Eu, se tivesse de dar Hamlet em língua puramente carioca, traduziria a célebre resposta do príncipe da Dinamarca: Words, words, words, por esta: boatos, boatos, boatos. Com efeito, não há outra melhor diga o sentido do grande melancólico. Palavras, boatos, poeira, nada cousa nenhuma.

Se o senhor vivesse em nossa época, século 21, ficaria assustado com a boataria e com as crenças das pessoas nas redes sociais. Ficaria também alarmado com a boataria das notícias falsas.

Os fatos e os tempos ligam-se por fios invisíveis. O conto-do-vigário é o mais antigo gênero de ficção que se conhece. A rigor, pode-se crer que o discurso da serpente, induzindo Eva a comer o fruto proibido foi o texto primitivo do conto.

Mas agora é um exagero. As pessoas acreditam em qualquer coisa que se ajustem as opiniões delas ou que reforcem os preconceitos. Algumas não investigam, por exemplo, a veracidade das coisas. Simplesmente acreditam e disseminam.  Que o senhor tem a dizer sobre isso?

É que o boato é uma das mais cômodas invenções humanas, porque encerra todas as vantagens da maledicência, sem os inconvenientes da responsabilidade.

Mas no seu tempo havia esses boateiros espalhadores de mentiras e de calúnias?

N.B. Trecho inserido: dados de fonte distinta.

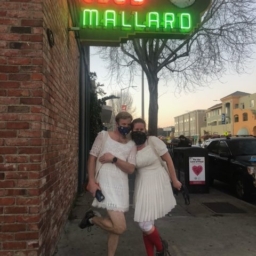 Two people wearing white dresses, masks and running shoes pose for a photo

O boato é um ente invisível e implacável, que fala como um homem, está em toda parte e em nenhuma, que ninguém vê de onde surge, nem onde se esconde. Não é novo nada disso, nem eu estou aqui para dizer coisa novas, mas velhas, coisas que pareçam ao leitor descuidado que é ele mesmo que está inventando.

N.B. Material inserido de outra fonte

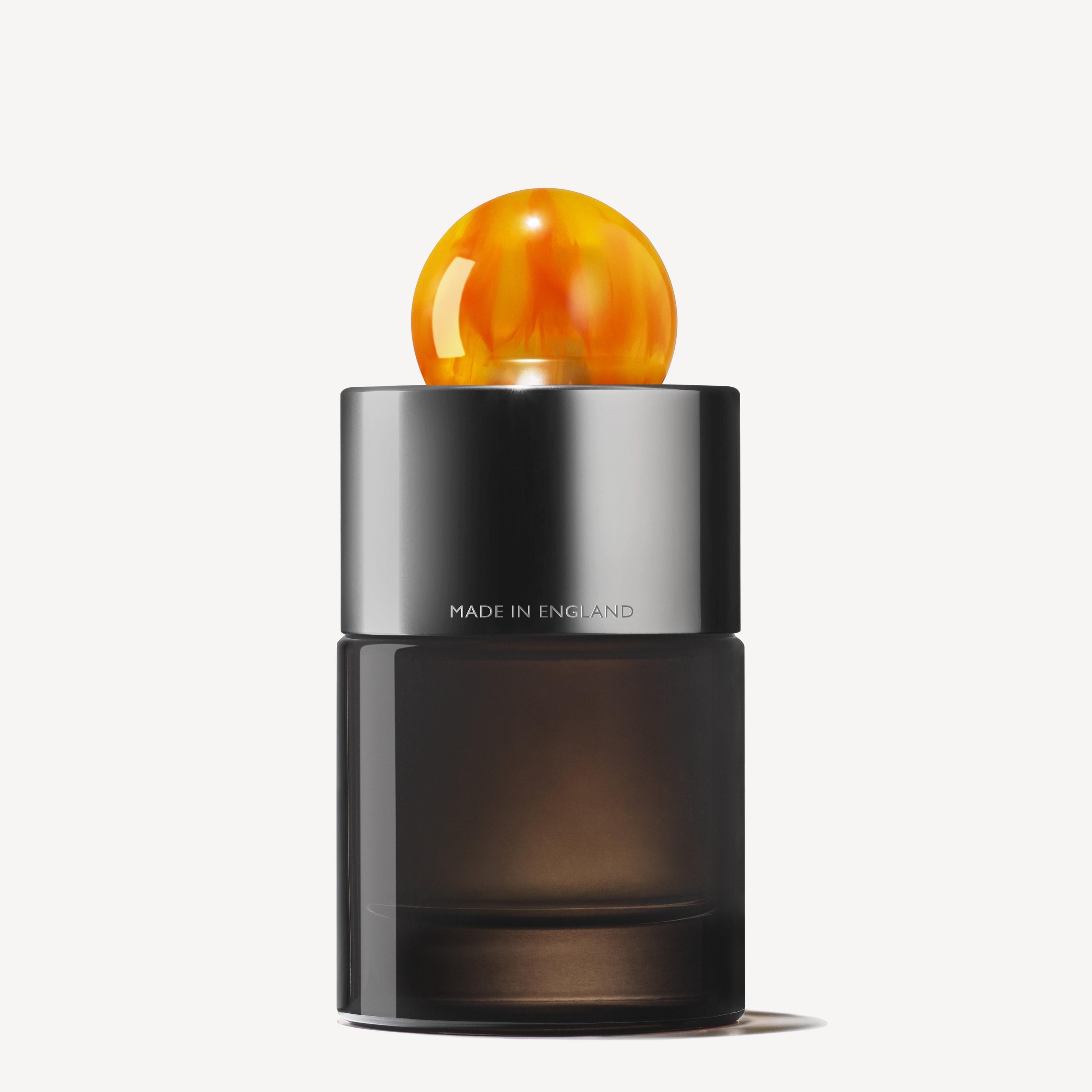 The Sunlit Clementine & Vetiver Eau de Parfum 100ml by MoltonBrown Cyprus features a sleek design with a dark, cylindrical base and a shiny metallic middle section inscribed with "Made in England." It's crowned with a bright, round orange cap that resembles amber. This citrus fragrance combines notes of clementine and mandarin against a plain white background.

Estamos vivendo um momento difícil no século 21. Uma pandemia parou o mundo e vem matando muita gente em escala estratosférica. Aqui, no Brasil, as coisas andam um pouco fora do controle do governo e das pessoas. Andam receitando e acreditando em remédios milagrosos. E para piorar, há quem não se importe em contaminar o próximo. Estamos em um caos generalizado.  O que senhor tem a dizer ao nosso século?

A contradição é deste mundo. Quem pode impedir que o povo queira ser mal governado? É um direito anterior e superior a todas as leis. Assim se perde a liberdade. Tudo se pode esperar da indústria humana, a braços com o eterno aborrecimento A monotonia da saúde pode inspirar a busca de uma ou outra macacoa leve. O homem receitará tonturas ao homem. Haverá fábricas de resfriados. Vender-se-ão calos artificiais, quase tão dolorosos como os verdadeiros. Alguns dirão mais.

Isto de política pode ser comparado à paixão de Nosso senhor Jesus Cristo; não falta nada, nem o discípulo que nega, nem o discípulo que vende. Tudo é bacilo no mundo, que está dentro do homem, no homem e fora do homem. A Terra é um enorme bacilo, como os planetas e as estrelas. Comecemos por pacificar-nos. Paz na Terra aos homens de boa vontade – é a prece cristã; mas nem sempre o céu a escuta, e, apesar da boa vontade, a paz não alcança os homens e as paixões os dilaceram. Para este efeito, a arte vale mais que o céu. Das coisas humanas (…) a única que tem seu fim em si mesma é a arte.